Dashboard scability of RBD images

Pere Diaz Bou

Overview

Management of RBD images in the Dashboard module has been challenging due to its low performant behaviour with a high enough number of images. With enough images tables would see long loading times which might seem infinite rendering them unusable.

After introducing server side pagination with RBD images we've been able to see a clear and expected reduction of around 99% in latency.

With around 50 images and upwards managing RBD images was a hassle. In the following videos, 2048 images were created to display the differences between versions.

Loading 2048 images before adding pagination:

 

Loading 2048 images after adding pagination:

 

Tradeoffs

Introducing pagination didn't come without tradeoffs. After running some experiments we noticed that retrieving all data of an image could take a considerable amount of time ranging from 10ms-30ms, meaning that gathering all images to later paginate is virtually impossible. Luckily, we can gather all of the references to images in a short amount of time, for example, 2048 references were retrieved in 10ms.
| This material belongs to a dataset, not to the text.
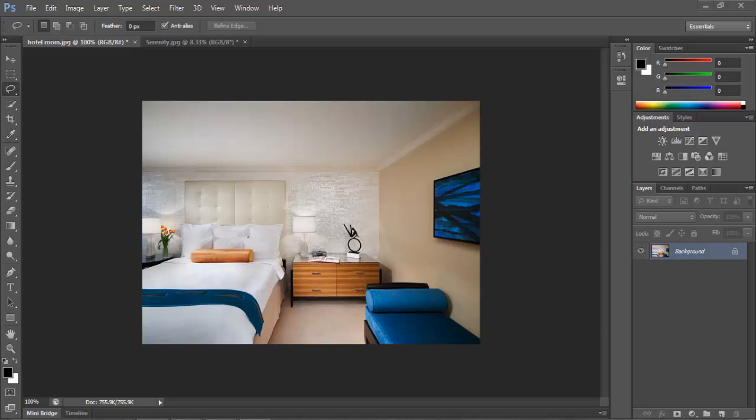Hey guys, Brad Scott here with a Photoshop CS6 tutorial for you.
Sorting and searching images is now limited to image names, pools and namespaces because of the limitations of these references, but the management of RBD images is now available to use at greater scale.

Future plans

RBD images is not the only affected table to scalability issues. OSDs, services, alerts, hosts and inventory are targets for future optimizations which should include pagination, but due to the fact of varying APIs for each of those components, major refactoring is needed in order to fit each case.